§ RECORDS TO PROCESS:
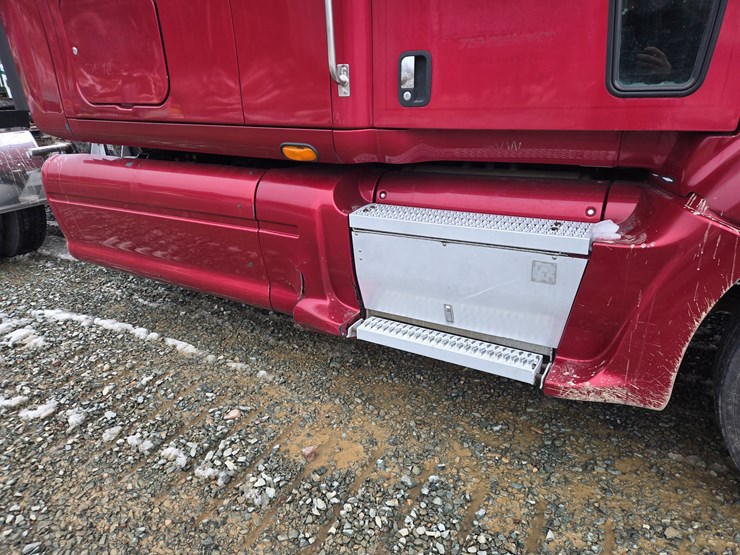 2007-peterbilt-387-image-21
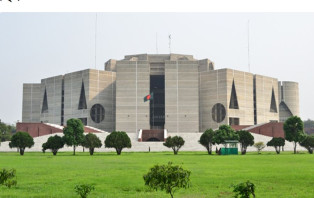 দায়িত্ব নেয়ার সময় বাংলাদেশের কোন প্রধানমন্ত্রীর বয়স কত ছিল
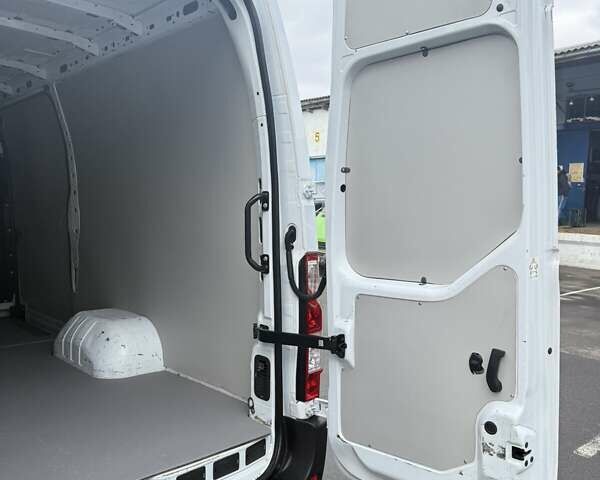 Рено Мастер 2022 в Луцке на Automoto.ua Белый Рено Мастер, объемом двигателя 2.3 л и пробегом 143 тыс. км за 25900 $, фото 19 на Automoto.ua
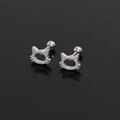 Détail macro de boucles d'oreilles chat en acier inoxydable avec zircons blancs - Blanc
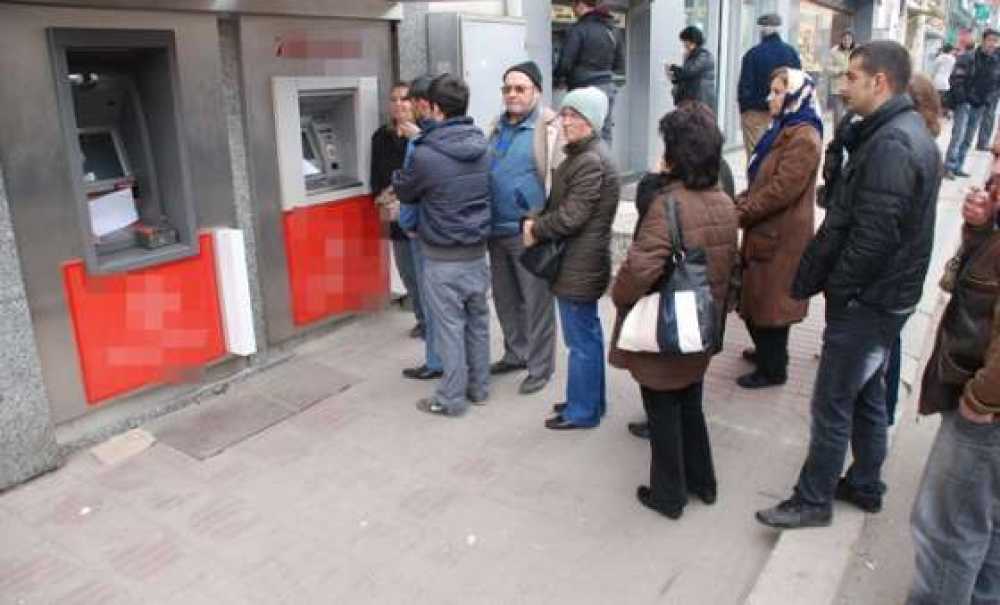 Atm`nin Verdiği Parayı Alan Kişiler Yakalandı
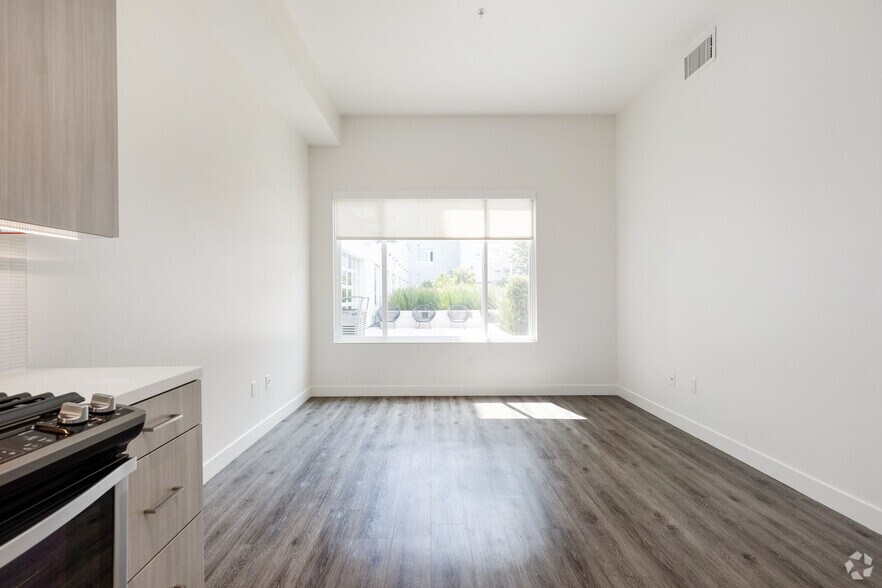 More Photos Of 1200 S Broadway, Los Angeles Apartments For Lease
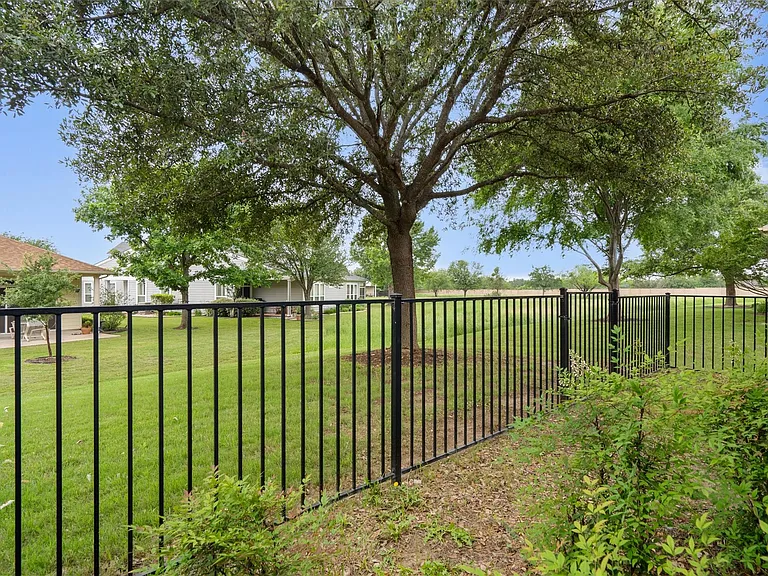 330 Portsmouth Dr — Photo 36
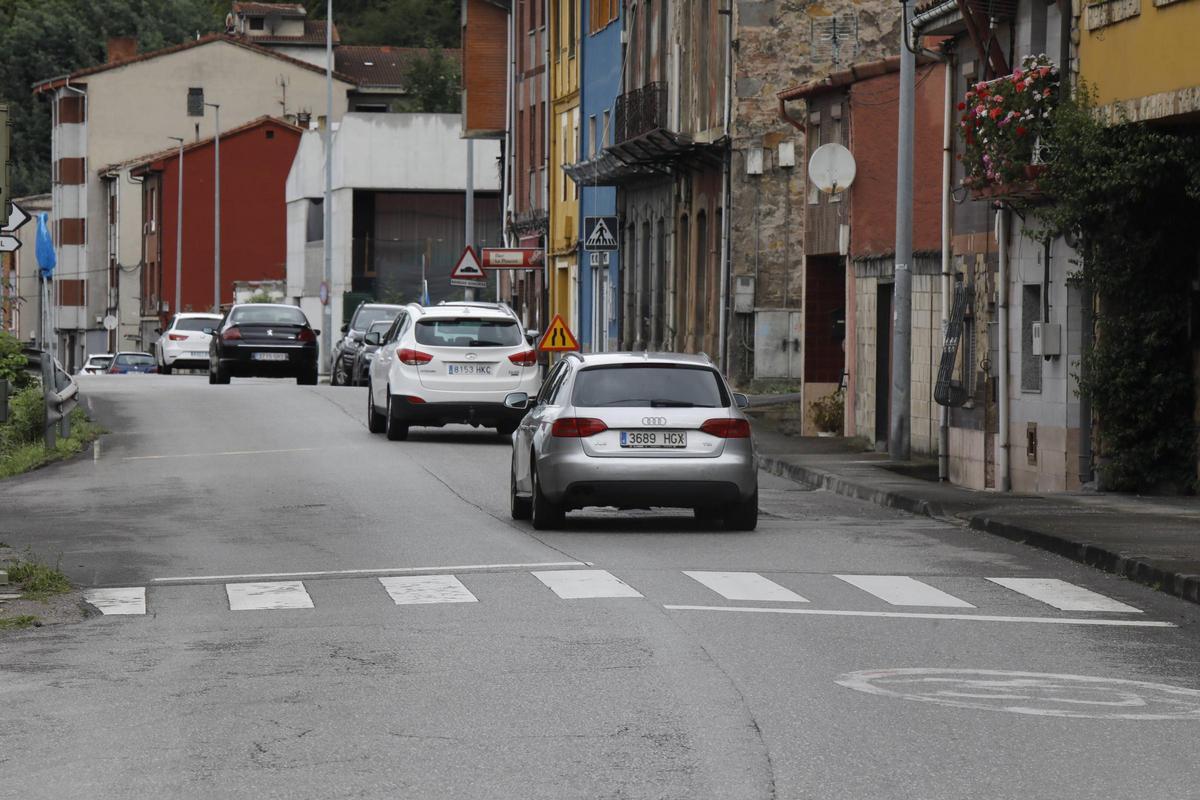 Coches por la carretera LA-3-.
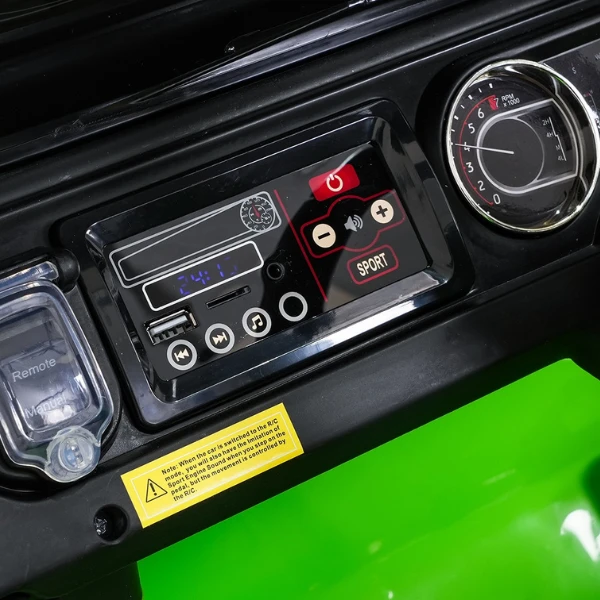 Mașinuță jeep wrangler rubicon 392, baterie 12v10ah, 4 motoare de 35w, roti eva, scaune din piele 9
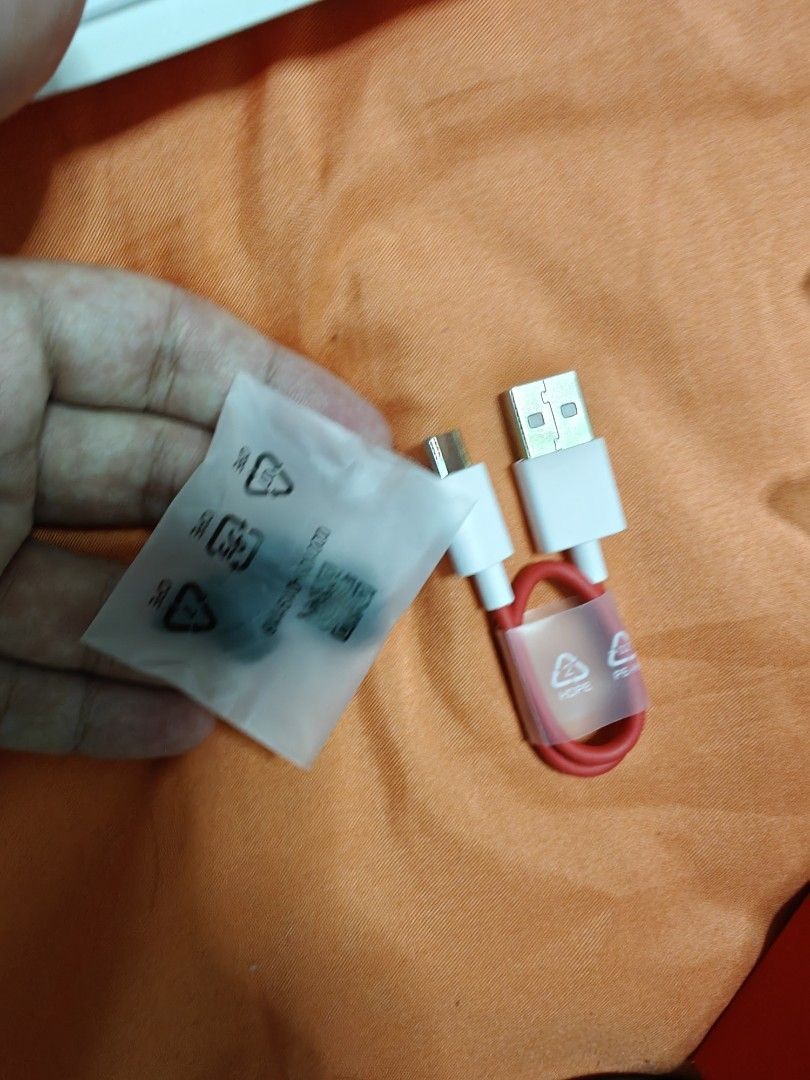 OnePlus Buds 465714837921410117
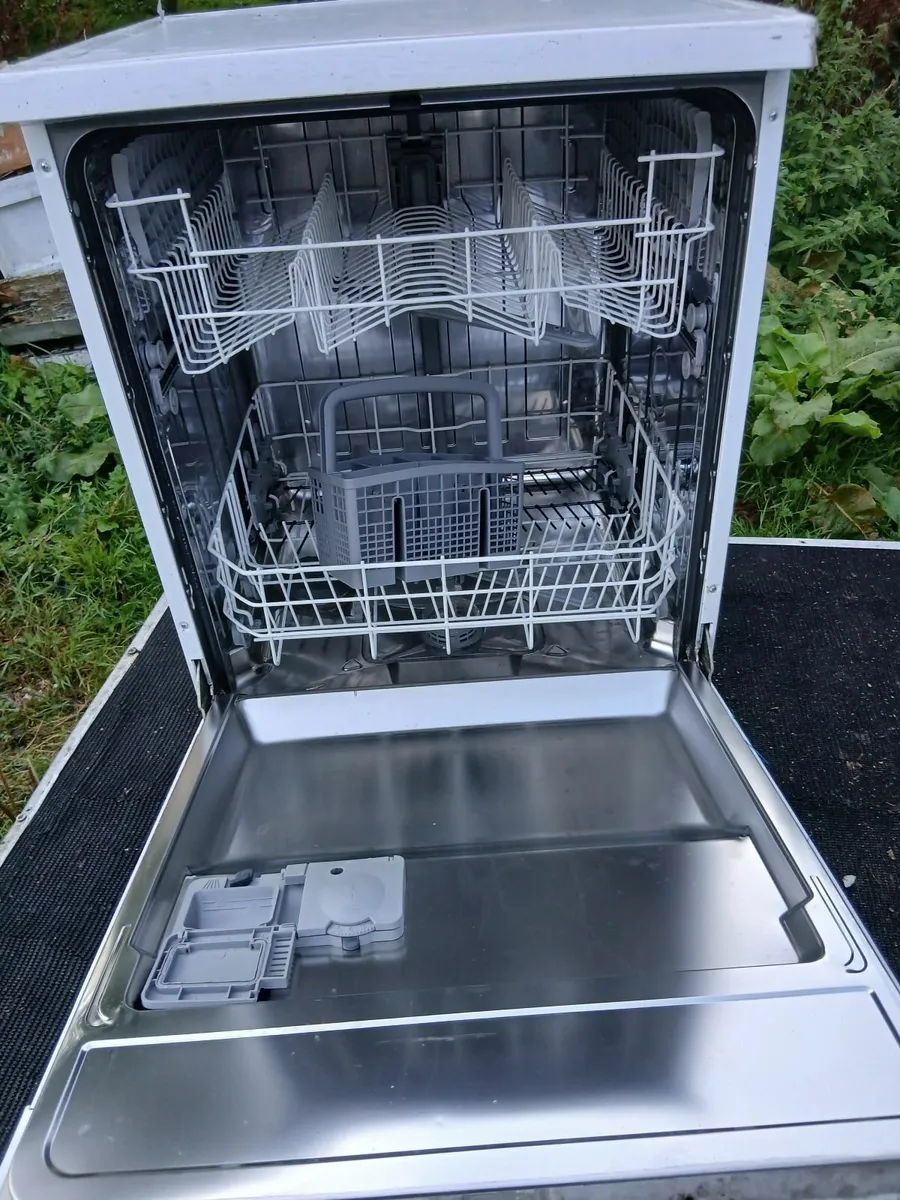 Flavel Dishwasher - Image 2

§ ABOUT THIS EXERCISE: Word for word, give again the lines from the first entry to the line with "Alan Kişiler Yakalandı", inclusive. Exclude the pictures.

§ TASK ANSWER:
 2007-peterbilt-387-image-21
 দায়িত্ব নেয়ার সময় বাংলাদেশের কোন প্রধানমন্ত্রীর বয়স কত ছিল
 Рено Мастер 2022 в Луцке на Automoto.ua Белый Рено Мастер, объемом двигателя 2.3 л и пробегом 143 тыс. км за 25900 $, фото 19 на Automoto.ua
 Détail macro de boucles d'oreilles chat en acier inoxydable avec zircons blancs - Blanc
 Atm`nin Verdiği Parayı Alan Kişiler Yakalandı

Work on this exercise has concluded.